» What this task involves: Reproduce, exactly, the lines of the material below from the line containing "The Standard Forumula" through the line containing "Ẩn Núp Trăm", with both end lines included and nothing else.

» Provided records:
----------

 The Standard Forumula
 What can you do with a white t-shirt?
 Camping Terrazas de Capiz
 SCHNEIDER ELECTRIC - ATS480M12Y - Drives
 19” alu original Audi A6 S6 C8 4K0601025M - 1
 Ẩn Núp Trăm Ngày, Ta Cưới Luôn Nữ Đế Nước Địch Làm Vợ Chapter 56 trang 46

----------

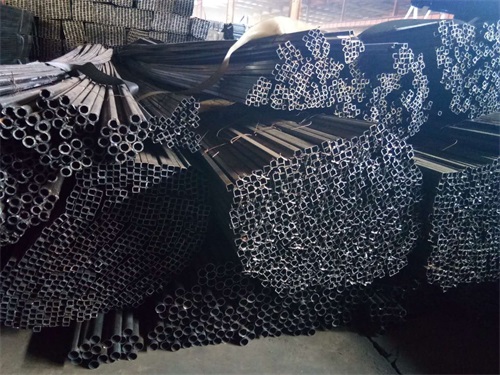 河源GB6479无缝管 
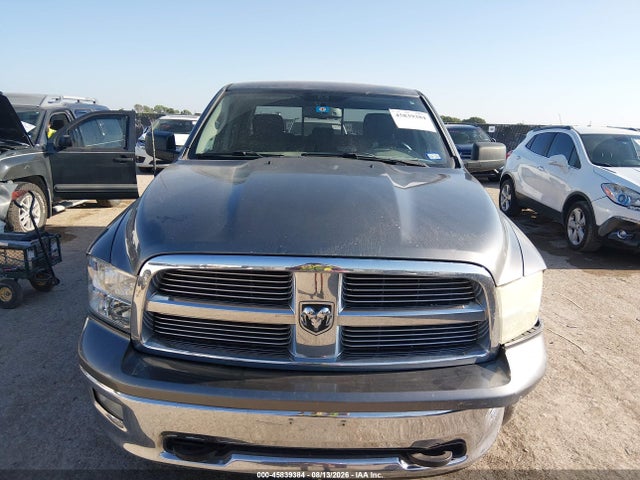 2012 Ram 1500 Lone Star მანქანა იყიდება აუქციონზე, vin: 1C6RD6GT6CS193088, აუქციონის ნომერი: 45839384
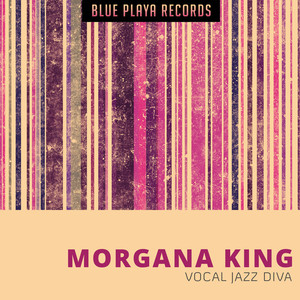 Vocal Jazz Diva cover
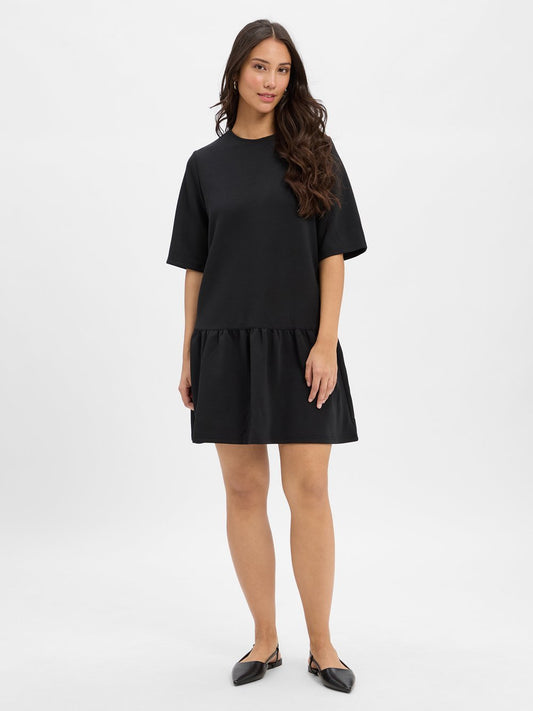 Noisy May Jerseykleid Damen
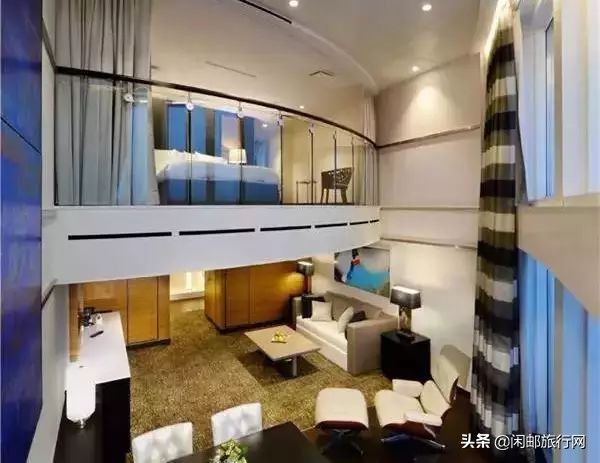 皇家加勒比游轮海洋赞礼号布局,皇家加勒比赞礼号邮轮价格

----------

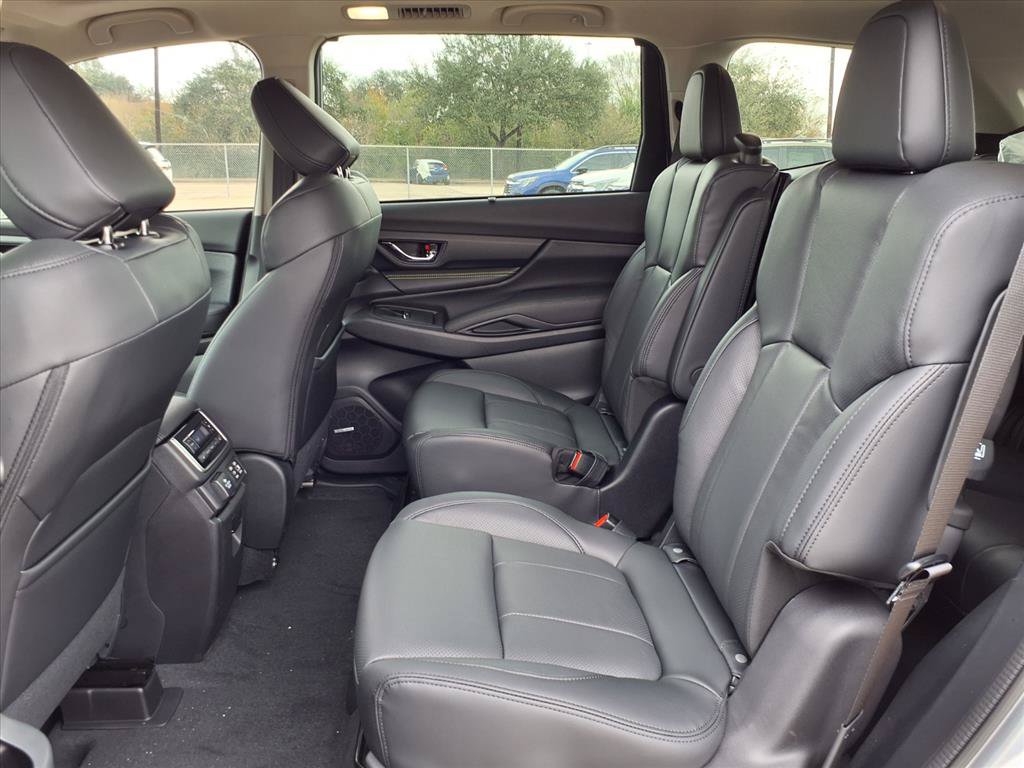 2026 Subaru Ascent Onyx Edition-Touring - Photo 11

----------

» Answer for the task:
 The Standard Forumula
 What can you do with a white t-shirt?
 Camping Terrazas de Capiz
 SCHNEIDER ELECTRIC - ATS480M12Y - Drives
 19” alu original Audi A6 S6 C8 4K0601025M - 1
 Ẩn Núp Trăm Ngày, Ta Cưới Luôn Nữ Đế Nước Địch Làm Vợ Chapter 56 trang 46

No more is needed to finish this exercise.